Mar Novo, de Sophia de Mello Breyner Andersen


Mar Novo é o quinto livro de poesia de Sophia de Mello Breyner Andersen, publicado pela primeira vez em 1958. Os poemas que constituem a obra são de forma irregular, podendo assumir, entre outros, a forma de sonetos (Corpo), quadras (Lusitânia) ou simples dísticos (Deus é no dia). Com uma temática recorrente no mar (Longe o marinheiro tem/ uma serena praia de mãos puras) e na mitologia (soneto “as três parcas”), cremos ser com estes dois aspetos que se pode definir esta obra.

Não deixa contudo de ser curioso que um dos títulos de um dos poemas seja “Liberdade”, atendendo ao período de repressão e censura que se vivia em Portugal à época da publicação do livro. O poema em si, a nosso ver, nada tem que pudesse despertar ímpetos mais revolucionários. Talvez por isso tenha sido deixado passar, pois assim poderia contribuir-se para a chamada “aparente liberdade” que era preciso que o regime soubesse dar.

Cremos ainda poder dizer que há um lamento, com um roçar da ironia, feito por Sophia, pelo estado da poesia, onde nos brinda com a seguinte quadra:

A bela e pura palavra Poesia
Tanto pelos caminhos se arrastou
Que alta noite a encontrei perdida

Num bordel onde um morto a assassinou.

sexta-feira, 11 de abril de 2014

Catarina de Bragança, de Isabel Stilweel


Este é o segundo livro da autora, ou pelo menos o segundo na “série” de rainhas/princesas de Portugal. Surgiu como dicotomia ao seu primeiro livro, Filipa de Lencastre, que retratava a única inglesa que veio a ser rainha de Portugal. Este livro aborda a única portuguesa que veio a ser rainha de Inglaterra.

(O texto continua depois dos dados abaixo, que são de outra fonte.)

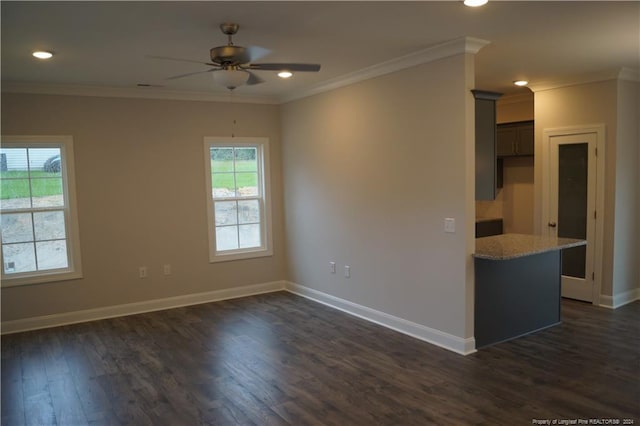 empty room featuring baseboards, dark wood-type flooring, ceiling fan, and ornamental molding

Comparado com o primeiro, é estranhamente menos brilhante. Poderíamos dizer que se trata do facto de Catarina de Brangança ter tido uma vida mais infeliz que Filipa Lencastre. Contudo, não terá tido uma vida mais infeliz que D. Amélia de Orleães, a terceira rainha “romanceada” pela autora, sendo que com esta última, IS quase que nos converte à monarquia. Personagens muito idênticas povoam as suas páginas, talvez isso contribuindo para que se adense alguma confusão neste nosso juízo.

Não nos deixa de trazer o dia-a-dia de Catarina de Brangança, desde as suas mais remotas memórias até quase à sua morte. A autora vai explorando a vida da princesa enquanto Infanta de Portugal e mais tarde como Rainha de Inglaterra. Contudo, os períodos finais da sua vida (enquanto rainha viúva em Inglaterra e depois em Portugal), aparecem explorados apenas em duas cartas que a própria escreve a alguém. Seriam períodos com interesse em explorar, inclusivamente o caminho até à hora da sua morte.

Já por várias vezes ouvíramos que este é o livro menos bom da autora, algo que nos vemos obrigados a concordar.